Saturday, May 24, 2008
In the United States and in France (as Joyce can certainly testify!), 1968 is getting attention. I wonder if there was such a display in 1998, for the thirtieth anniversary, or in 1988, for the twentieth. I doubt it. Actually, I remember D-Day being the most discussed historical event of the 1990s, a fiftieth anniversary, and falling at a time when baby boomers started to lose their parents, the Greatest Generation.
I think that the combined presidential election year and the Iraq War make this anniversary, the fortieth, more resonant. Although we don't have to scratch very far below the surface to deflate these comparisons. The Democrats are all anti-war, unlike the pro-war Humphrey who divided the Democratic Party; McCain is hardly a Richard Nixon. We have none of the urban riots of 1967-68, in fact we have just the opposite - gentrification.
I suspect, as has been suggested, that the fact that the media is largely dominated by baby boomers drives the discussion of 1968: see this French editorial in the Times.

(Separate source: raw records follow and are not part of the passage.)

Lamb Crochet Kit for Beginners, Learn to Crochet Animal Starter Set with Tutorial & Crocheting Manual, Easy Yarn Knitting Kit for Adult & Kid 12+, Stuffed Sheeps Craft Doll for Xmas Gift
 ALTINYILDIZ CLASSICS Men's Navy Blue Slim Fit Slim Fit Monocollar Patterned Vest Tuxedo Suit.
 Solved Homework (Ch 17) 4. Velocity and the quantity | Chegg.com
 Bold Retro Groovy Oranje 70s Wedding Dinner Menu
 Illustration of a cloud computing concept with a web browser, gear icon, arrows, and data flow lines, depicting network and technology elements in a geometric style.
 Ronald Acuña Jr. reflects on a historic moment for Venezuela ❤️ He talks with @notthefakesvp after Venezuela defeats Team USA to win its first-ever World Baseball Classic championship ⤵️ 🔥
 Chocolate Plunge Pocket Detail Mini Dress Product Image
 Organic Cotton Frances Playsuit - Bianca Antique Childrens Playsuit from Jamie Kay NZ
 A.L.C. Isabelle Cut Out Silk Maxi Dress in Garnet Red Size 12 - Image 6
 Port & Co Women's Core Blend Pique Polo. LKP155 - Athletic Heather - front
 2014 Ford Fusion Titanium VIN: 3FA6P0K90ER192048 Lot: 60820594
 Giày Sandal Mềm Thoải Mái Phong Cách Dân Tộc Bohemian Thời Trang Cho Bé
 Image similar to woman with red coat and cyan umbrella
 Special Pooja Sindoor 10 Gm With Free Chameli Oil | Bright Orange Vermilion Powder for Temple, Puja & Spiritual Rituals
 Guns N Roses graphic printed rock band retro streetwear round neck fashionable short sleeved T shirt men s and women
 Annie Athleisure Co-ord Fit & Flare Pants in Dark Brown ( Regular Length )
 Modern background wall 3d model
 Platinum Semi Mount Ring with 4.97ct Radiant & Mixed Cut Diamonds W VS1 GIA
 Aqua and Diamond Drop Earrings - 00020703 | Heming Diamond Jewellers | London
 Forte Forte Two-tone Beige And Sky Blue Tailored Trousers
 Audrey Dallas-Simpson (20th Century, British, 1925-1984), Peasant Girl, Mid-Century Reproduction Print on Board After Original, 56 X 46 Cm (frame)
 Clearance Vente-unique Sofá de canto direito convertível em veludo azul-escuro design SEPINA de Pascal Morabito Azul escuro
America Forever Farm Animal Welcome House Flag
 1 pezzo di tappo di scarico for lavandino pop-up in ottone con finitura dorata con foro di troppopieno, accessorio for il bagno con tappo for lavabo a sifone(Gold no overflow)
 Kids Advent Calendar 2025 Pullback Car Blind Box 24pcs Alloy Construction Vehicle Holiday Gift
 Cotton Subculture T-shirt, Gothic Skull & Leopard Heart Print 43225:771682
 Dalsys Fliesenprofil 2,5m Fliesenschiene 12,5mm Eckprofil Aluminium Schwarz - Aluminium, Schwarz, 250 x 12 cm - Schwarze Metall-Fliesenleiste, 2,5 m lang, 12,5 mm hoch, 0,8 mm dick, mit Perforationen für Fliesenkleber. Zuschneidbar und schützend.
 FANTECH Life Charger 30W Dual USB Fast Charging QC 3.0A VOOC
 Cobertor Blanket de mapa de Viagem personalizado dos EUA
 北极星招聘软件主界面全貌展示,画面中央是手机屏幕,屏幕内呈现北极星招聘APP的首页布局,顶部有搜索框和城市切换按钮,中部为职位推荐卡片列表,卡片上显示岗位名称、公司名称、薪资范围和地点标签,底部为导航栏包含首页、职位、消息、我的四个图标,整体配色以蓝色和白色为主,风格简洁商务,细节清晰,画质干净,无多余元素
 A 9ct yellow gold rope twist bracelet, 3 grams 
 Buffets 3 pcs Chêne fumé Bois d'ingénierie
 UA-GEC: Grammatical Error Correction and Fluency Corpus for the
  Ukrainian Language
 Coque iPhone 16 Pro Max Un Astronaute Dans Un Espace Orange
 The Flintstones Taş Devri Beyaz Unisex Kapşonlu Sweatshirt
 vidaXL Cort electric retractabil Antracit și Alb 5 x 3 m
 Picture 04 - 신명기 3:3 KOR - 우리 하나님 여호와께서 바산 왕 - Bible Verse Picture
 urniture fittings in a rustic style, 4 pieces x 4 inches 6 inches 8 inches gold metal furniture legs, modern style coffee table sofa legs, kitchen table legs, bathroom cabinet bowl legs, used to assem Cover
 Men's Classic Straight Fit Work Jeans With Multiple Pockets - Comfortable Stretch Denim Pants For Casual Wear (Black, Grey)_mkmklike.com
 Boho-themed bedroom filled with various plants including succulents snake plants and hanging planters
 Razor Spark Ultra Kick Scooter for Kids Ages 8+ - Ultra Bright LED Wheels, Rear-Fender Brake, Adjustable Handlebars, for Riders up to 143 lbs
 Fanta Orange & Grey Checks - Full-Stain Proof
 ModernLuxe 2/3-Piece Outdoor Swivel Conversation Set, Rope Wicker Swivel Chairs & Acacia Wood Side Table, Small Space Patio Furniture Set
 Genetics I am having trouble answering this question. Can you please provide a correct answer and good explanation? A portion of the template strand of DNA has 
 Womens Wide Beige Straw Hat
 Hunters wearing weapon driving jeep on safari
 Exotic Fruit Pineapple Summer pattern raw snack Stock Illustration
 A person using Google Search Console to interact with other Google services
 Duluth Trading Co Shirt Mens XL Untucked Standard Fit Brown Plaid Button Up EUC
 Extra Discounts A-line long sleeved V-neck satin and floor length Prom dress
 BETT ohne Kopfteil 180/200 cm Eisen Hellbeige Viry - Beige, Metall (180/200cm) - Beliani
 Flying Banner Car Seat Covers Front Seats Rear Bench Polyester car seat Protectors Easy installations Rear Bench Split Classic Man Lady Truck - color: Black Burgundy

Indeed, NPR has a whole website devoted to their stories on "The Echoes of 1968" (including Robert Siegel's interesting memories of being a student-reporter at Columbia). I like that they have a broader swath of history represented in their stories. Another NPR story covers a group that wants to "recreate '68" at this summer's Democratic Convention.
What do you think? Was 1968 truly transformational? Or more transformational than any other important election year? Does the current remembrance reflect boomer nostalgia or something else in the air?